My Venetian Love Affair
If ever there was a city that stole my heart away and gave me delirious jitters to speak of it would be Venice. There are few places I’ve explored that were truly magical, Cinque Terre, Meteora, Greece and perhaps the Carpathian Mountains of Romania, but Venice ranks first among them. Its bewitching flare has brought me coming back for more. So when I told my friends and family that I was returning to Venice once again I was met with the usual, “why not go somewhere new?” But as with so many great love affairs I had my reasons.
A big reason that drew me back was my desire to experience the magical gondola ride. Call it touristy, as tourists are the only people you’ll see queuing for a ride. Or call it cheesy – especially when it’s you and other tourists enjoying this romantic ride, but for me it was one of those bucket list worthy experiences I needed to check off. Another reason I was drawn back was to seek out the charming tucked away Libreria Acqua Alta, a hidden treasure for any book lover. And lastly I wanted to wander its alleyways, meander over some of it’s over 400 bridges, seek out its forgotten churches and just simply soak in the enchanted atmosphere of this floating city solo.
As soon as I opened those doors of Santa Lucia train station and saw my love again, its green water, stunning buildings, and the authentic Venice aroma, I couldn’t help but pause and smile on this, the most picturesque of cities.
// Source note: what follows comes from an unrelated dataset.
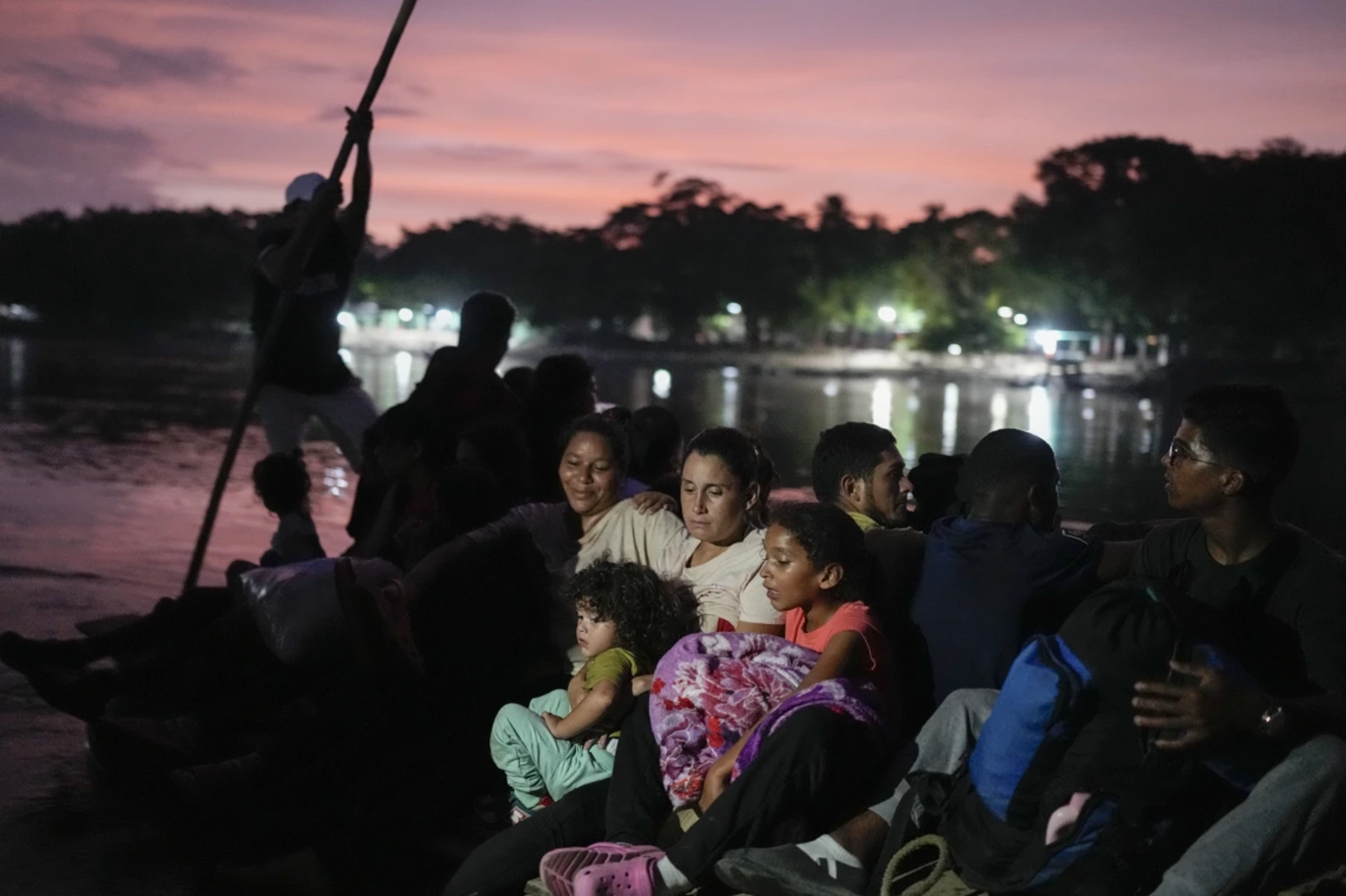 Cárteles de la droga controlan el paso de migrantes por la frontera sur de México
Even with the mass of tourists I wasn’t discouraged, how could I blame them? I made my way over to get a vaporetto biglietto (water bus ticket). Normally when I arrive in a city the first thing I want to do is quickly get to my hotel to dump my bags and start exploring. But for some reason, maybe it was the magic already setting in, I slowed right down and instead of grabbing a ticket to the stop closest to my hotel I instead chose the long route and stopping near San Marco’s Square. Then before I got swept away I made sure to grab my biglietto for the airport ferry for when I would leave in a few days.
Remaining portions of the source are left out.